Only a number is wanted: how many lines in the records below contain "background"?

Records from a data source
# # #
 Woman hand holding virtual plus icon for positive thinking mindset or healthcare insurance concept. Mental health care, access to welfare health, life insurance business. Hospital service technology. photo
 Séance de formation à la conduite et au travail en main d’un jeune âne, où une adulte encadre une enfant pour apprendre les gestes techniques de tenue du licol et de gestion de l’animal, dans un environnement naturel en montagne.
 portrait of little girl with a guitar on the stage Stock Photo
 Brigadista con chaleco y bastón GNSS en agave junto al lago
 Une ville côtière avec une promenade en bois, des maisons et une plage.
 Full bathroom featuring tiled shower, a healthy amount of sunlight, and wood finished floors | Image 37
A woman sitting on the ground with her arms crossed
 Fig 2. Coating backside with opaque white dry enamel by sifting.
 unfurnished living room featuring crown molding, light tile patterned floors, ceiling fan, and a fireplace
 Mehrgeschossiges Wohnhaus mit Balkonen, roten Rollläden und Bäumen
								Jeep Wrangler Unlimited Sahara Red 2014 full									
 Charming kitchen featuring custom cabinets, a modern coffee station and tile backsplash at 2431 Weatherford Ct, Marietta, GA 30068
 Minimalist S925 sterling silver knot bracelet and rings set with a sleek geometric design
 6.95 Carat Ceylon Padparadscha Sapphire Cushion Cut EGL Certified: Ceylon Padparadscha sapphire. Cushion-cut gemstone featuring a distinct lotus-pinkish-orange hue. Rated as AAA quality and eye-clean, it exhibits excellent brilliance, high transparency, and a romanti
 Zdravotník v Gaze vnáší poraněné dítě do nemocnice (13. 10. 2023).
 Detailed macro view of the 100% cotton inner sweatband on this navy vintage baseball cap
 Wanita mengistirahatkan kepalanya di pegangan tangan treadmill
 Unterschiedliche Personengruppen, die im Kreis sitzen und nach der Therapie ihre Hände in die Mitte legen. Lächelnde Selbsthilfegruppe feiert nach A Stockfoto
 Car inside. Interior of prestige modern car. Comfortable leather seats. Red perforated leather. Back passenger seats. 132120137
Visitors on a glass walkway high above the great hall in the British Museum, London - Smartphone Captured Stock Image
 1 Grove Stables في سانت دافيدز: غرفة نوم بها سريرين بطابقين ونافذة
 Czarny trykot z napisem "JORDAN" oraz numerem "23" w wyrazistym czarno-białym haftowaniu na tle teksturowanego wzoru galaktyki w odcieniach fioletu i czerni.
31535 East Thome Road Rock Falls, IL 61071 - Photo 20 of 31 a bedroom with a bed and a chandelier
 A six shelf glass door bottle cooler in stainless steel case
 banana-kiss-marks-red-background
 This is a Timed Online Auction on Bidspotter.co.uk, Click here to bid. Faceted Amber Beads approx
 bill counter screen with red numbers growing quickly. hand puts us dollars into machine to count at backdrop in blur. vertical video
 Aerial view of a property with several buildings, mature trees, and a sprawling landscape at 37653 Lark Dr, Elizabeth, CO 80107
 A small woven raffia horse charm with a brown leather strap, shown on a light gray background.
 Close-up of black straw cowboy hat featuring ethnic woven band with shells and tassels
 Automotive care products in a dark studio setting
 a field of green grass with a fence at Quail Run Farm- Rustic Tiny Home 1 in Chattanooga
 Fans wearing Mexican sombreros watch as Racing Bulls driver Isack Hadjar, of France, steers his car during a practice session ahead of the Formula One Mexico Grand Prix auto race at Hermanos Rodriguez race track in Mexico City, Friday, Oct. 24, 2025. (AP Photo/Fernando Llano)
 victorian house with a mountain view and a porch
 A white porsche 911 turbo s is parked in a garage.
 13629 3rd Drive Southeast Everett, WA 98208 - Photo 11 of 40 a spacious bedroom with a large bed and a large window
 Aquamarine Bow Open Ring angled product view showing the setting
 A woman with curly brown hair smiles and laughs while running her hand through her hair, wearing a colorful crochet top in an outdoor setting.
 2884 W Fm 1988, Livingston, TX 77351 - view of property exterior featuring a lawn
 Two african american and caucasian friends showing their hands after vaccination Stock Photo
# # #
Your solution
2